Rental cars in Australia automatically come with a basic collision damage waiver (CDW) or loss damage waiver (LDW). This brings down your liability to a predetermined amount in case of damage or loss of the vehicle. However, even with such a waiver, the standard excess or deductible is still very high — usually between $4,000 and $4,560. To reduce your excess close to zero, you will have to pay an extra AU$40 – 65 per day. For zero-excess coverage, you need to pay even more. Worse, there are a lot of exclusions and hidden fees.
So what things are not covered by the rental agency’s car insurance? Well, a lot. Different companies have different policies but here are 5 things that are usually not covered.
Loss or damage to accessories
The car rental insurance does not include coverage for the loss or damage to baby seats, GPS, and other add-ons.
Using the wrong type of fuel
Before driving away with your car hire, make sure you know what kind of fuel the vehicle uses, as the rental firm will charge you a significant amount if you refill the tank with wrong fuel.
While your car rental excess insurance covers damage to most parts of the car, you will have to pay for accident-related fees, such as towing, roadside assistance, single-vehicle accident, and admin fees.
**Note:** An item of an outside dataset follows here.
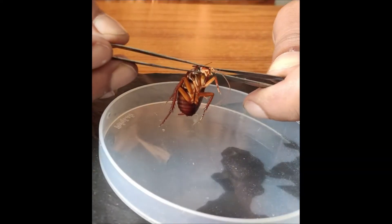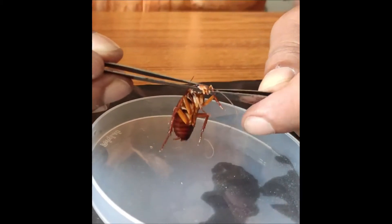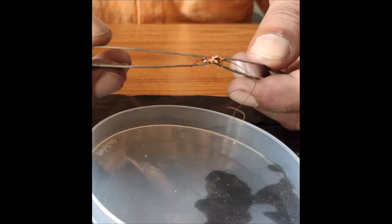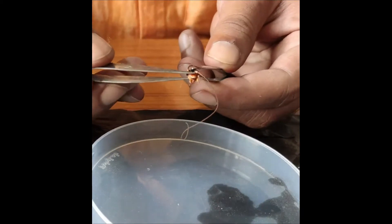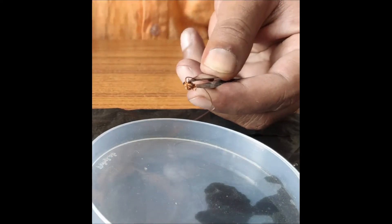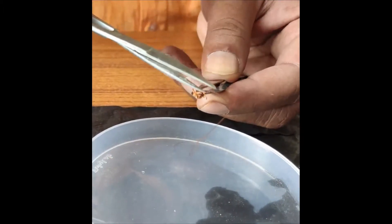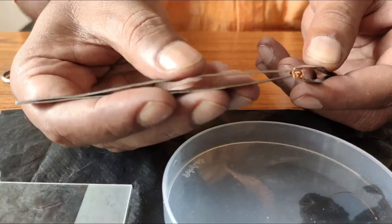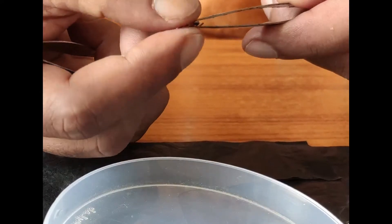This is a cockroach and we have to dissect the different appendages of its mouthparts. I'm holding the insect head at its tip with the help of forceps. Now removing the antennae. My style of dissection involves going to the back of the insect head by inverting it.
Also, if repairing the damage will put the vehicle out of commission for a time, e.g. a wheel is severely damaged because you ran the car into a gutter, you will also be charged for “loss of use” while the vehicle is being repaired.
Damage to some car parts
Many car rental insurance agreements exclude damages to the vehicle’s roof, under body, tires, windshield, and glass. You are liable for damages to these parts, whether or not you were at fault.
This liability also includes preexisting damages to the vehicle that are not noted on the damage report, so make it a habit to thoroughly inspect the whole rental car during pick-up. Check the roof for dents and scratches caused by trees or other low-hanging objects. Check the under body, especially under the doors. Also pay special attention to any damage to the tires and wheels. These are easy to overlook, particularly if the wheels are dirty.
If you’re checking the car in an area with insufficient lighting or only lit by fluorescent lights, you can use your phone’s flashlight to illuminate the section you are looking at. Take photos or videos of any damage you find and make sure those damages are included in the rental agency’s damage report.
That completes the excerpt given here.